Nii Ayikai Adjin-Tettey

Personal information
- Nationality: Ghanaian
- Born: July 20, 1930 Jamestown, Accra
- Died: April 23, 2021 (aged 90) Dansoman, Accra

Sport
- Country: Ghana
- Sport: Track and field

= N. A. Adjin-Tettey =

Ghanaian athlete (1930–2021)

Nii Ayikai Adjin-Tettey (20 July 1930 – 23 April 2021) was a Ghanaian athlete and national athletic coach. As an athlete, he became the fastest West African in August 1953. He was Ghana's first trained track coach. As a coach, he was involved in the selection and training of Ghanaian athletes for Olympics, All Africa and Commonwealth Games events participated in by Ghana between 1960 and 1984. He was a past chairman of the Ghana Amateur Athletics Association.

==Early life==
Nii Ayikai Adjin-Tettey was born in Accra on 20 July 1930. He attended Government Boys School in Kumasi and the Gold Coast National School in Accra for his basic education, developing an early interest in athletics at these schools.
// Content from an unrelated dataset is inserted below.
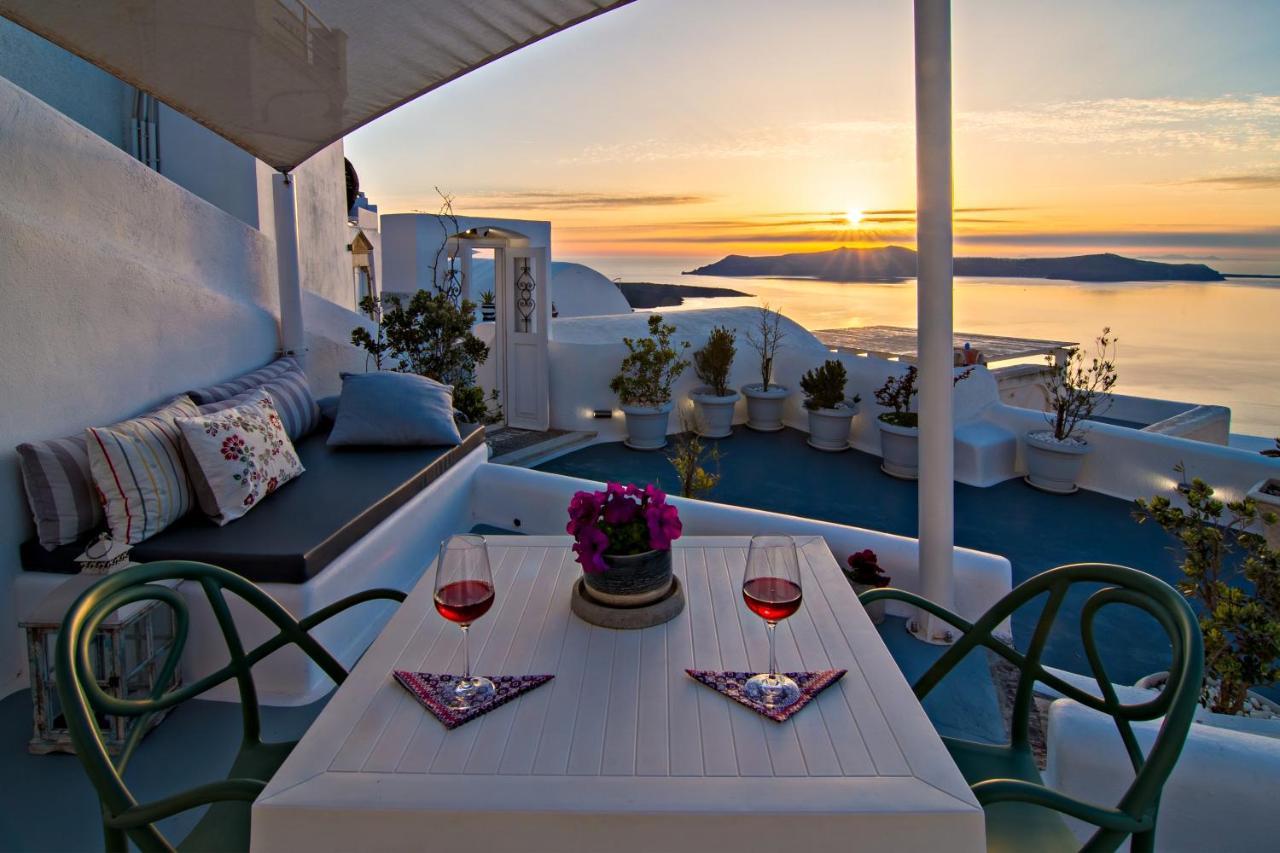 Revelis Villa & Canava Фира Екстериор снимка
In 1948, he entered Accra Academy for his secondary education and competed in athletic competitions whilst there. In 1950, he derived the school's slogan Bleoo in response to taunts in a train prior to the elite second-cycle Aggrey Shield Competition in which the school won for the first time and was a member of a group of athletes who successfully defended the school's win the year afterwards.

In 1952, he entered Wesley College, Kumasi and became the fastest West African when he set the record for 100 yards at 9.7 seconds in August 1953. A record which stood for ten years. That same year, he represented and won a gold medal for the Gold Coast as part of the 4x100 metres relay team during the third Ghana-Nigeria meet at Surulere in Nigeria. In 1957, he was selected by sporting authorities for an overseas training scholarship at the German Sport University Cologne.

==Coaching career==
In 1960, he completed the course and that same year returned to be assigned a role in athletic coaching and scouting as Western Regional Sports Organiser. He trained the Ghanaian team for the 1965 All-Africa Games in Congo-Brazzaville where his athletes Rose Hart and Alice Annum won medals. In 1966, he was appointed National Athletic Coach and made acting Chief Administrative Officer of the  Central Organisation of Sports. The Central Organisation of Sports changed to be known as the National Sports Council soon after this. He was selected thrice to be Chief Coach of an All African select contingent to compete in athletics against the United States in 1971, 1973 and 1975. Some of his athletics talents unearthed include Mike Ahey, Stan Allotey, BK Mends, Alice Annum and Joshua Owusu.

In 1974, Adjin-Tettey drew up and executed a programme for the University of Ghana to host the first All-Africa Inter-University Games. Adjin-Tettey also acted as Sports Consultant to the Ghana Police Service beginning in 1975 and helped the Service host the Security Services Sports Association (SESSA) Games. In 1984, he was removed as an official of the National Sports Council on events connected to the 1984 Los Angeles Olympics. That same year he was a co-foundation member and the first Chairman of the Dansoman Keep-Fit Club which is known for being the organiser of the Accra Milo Marathon since 1987.

==Personal life==
In 1962, he married Millicent Odoley Mensah. He had four (4) children, Gizela Naa Ayikailey, Erika Naa Ayikaikor, Manfred Tetteh and Maureen Naa Ayikaikai.

==Honours==
He was made president of the Old Sportsmen and Sportswomen Association. In 2013, sixty years after he set the national and west African record at the field of Wesley College, Kumasi, the field was named the Adjin-Tettey Field by the school's administration.